Бросил фигурку в воду. Та пускала бульбы.
– Нет, не она, это я, – поправил монах.
– А-а, отче. Так-же по-до-зри-тель-но. Да нет, чего жалеть. Если из каждой сотни этих людишек десяток повесить, остальные тише будут.
– Верно, – согласился доминиканец.
– Так благослови же на очищение земли от мерзости.
Монах откинул капюшон. Жаба поднял глаза и остолбенел, увидев лицо Фомы.

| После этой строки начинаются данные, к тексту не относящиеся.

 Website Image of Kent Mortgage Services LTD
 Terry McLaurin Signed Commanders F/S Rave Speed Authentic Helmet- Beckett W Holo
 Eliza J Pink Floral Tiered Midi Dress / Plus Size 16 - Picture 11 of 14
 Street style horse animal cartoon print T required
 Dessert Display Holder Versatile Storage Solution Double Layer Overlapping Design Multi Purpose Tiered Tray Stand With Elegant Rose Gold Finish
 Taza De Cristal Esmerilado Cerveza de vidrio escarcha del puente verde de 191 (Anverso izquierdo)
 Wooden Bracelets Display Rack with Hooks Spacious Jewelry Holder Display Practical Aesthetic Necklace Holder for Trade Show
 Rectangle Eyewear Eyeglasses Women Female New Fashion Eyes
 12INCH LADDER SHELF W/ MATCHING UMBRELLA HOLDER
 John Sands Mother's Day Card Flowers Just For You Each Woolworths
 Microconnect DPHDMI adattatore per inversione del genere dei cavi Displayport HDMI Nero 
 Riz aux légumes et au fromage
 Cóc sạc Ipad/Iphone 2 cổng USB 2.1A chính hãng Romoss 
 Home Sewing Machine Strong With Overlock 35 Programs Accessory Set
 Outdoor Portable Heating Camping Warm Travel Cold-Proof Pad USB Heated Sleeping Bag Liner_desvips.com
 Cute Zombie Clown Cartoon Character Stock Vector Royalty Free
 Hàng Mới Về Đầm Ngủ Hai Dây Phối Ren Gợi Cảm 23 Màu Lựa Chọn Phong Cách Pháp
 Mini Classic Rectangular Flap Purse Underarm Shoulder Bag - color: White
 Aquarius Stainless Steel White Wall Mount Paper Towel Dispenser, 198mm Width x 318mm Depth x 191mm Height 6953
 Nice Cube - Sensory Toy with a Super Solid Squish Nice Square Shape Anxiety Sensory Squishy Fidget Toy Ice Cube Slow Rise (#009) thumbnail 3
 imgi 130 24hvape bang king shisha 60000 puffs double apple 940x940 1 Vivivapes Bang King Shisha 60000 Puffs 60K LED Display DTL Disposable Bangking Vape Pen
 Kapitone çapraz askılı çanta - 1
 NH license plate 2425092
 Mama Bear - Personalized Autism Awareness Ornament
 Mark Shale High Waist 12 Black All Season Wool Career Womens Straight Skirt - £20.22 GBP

– Ну вот, – объявил шляхтич. – Бери перо.
– Я тебе…
– Слушай, войт, я тебе не кукла, я тебе не глиняный черепок. Роскаши шутить не любят, и ты мне не Филипп Македонский, выскочка ты, свинопас, холуй дрянного рода, хориный отец…
– Как смеешь?
– Ты, видимо, надеешься до Цезаря дорасти? Так не дорастёшь. Во-первых, потому, что ты сало дурное, а во-вторых, потому, что если ты сейчас не подпишешь, я тебе, этакому Карлу Великому, загоню ноги именно в то место, каким ты думаешь.
Войт взял перо.
– Пиши: «Властью войта запрещаю казнь огнём. Последнее моё слово».
Жаба написал, усмехнулся:
– Дурень ты, Фома, кто ж мне помешает после переписать?
– Я, – сказал Роскаш. – Я помешаю. Я благословляю тебя на весь остаток твоей жизни.
Войт Цыкмун Жаба не успел крикнуть. Фома с размаху ударил его медным пестиком по голове:
– Благословляется раб Божий.
Уйти было делом минуты. Но Роскаша что-то мучило, чего-то было жаль. Он вдруг понял чего. Выгреб из воды домики, фигурки, дворцы – всё, что стояло на дне больших корыт. Затем бросил туда тело войта и сильнее пустил воду:
– До животных и гадов.
Через некоторое время он отыскал на задворках, в густейших лопухах, лебеде и дудках, мёртво-пьяное тело доминиканца. Снял с себя рясу и положил ему под голову. Затем разбудил, сильно растирая пьяному уши.
– Допился, – укорил Фома, когда доминиканец испуганно вскинулся.
– Батюшки, – ужаснулся тот. – Солнце ж высоко! Когда же к войту?
– Я и говорю, что допился. Ты что, забыл? Были ж мы у войта. Хорошо, что я тебя не бросил, что свиток нёс. Потерял бы где-то.
– Не может быть.
– Гляди: подпись.
– Странно, – сказал монах. – Не согласился на костёр… Нич-чего не помню.
– Неудивительно. Ты хоть помнишь, что делал?
– Н-нет.
– Драться лез. Целовал. Хватал.
– Кого?
– Да уж не войта.
– Неужели дочку его?
– Что ты, ты же маленьких жалеешь.
– Ж-жену, – обмяк доминиканец. – Что будет?
– Ничего не будет. Уговорил я войта. Да и припугнул малость. Сказал, что ты в святой службе даже за Босяцким следишь. Теперь тебе только молчать надо.
– Браток!.. Ты молчи… Пожалуйста.
– Я – могила. А после ещё смешней было. Хотел ты сесть прямо под распятием на Росстани. Еле затащил тебя сюда. А ты – раздеваться. «Марыля, – говоришь, – иди под бок».
Доминиканец замычал, держась за голову и шатаясь.
– Ну, я и подумал, что лучше, если ты малость поспишь. Высидел над тобой, проследил, чтоб не обокрали.
– Браток, век Бога молить… Это ж подумать, свиток бы потерял!
– Ничего, – успокоил Фома. – С кем не бывает. У меня так однажды хуже было.
– Братец, молчи… Я этой отравы теперь…
– Зря, – возразил Фома. – Это только втягиваться не нужно, а уж как втянулся – ничего. Пойдём, поправим голову да разойдёмся. Торопись, братец.
Они выпили ещё по чарочке и разошлись, довольные друг другом. Монах понёс пенал с бумагой, Фома пошёл блуждать вокруг замка. Сердце его плакало. Помилованию, подписанному войтом, не поверил бы никто. И единственное, чего он, Фома, добился, что сумел сделать, было избавление друга от излишних мук. Избавление от самой мучительной казни. Казни огнём.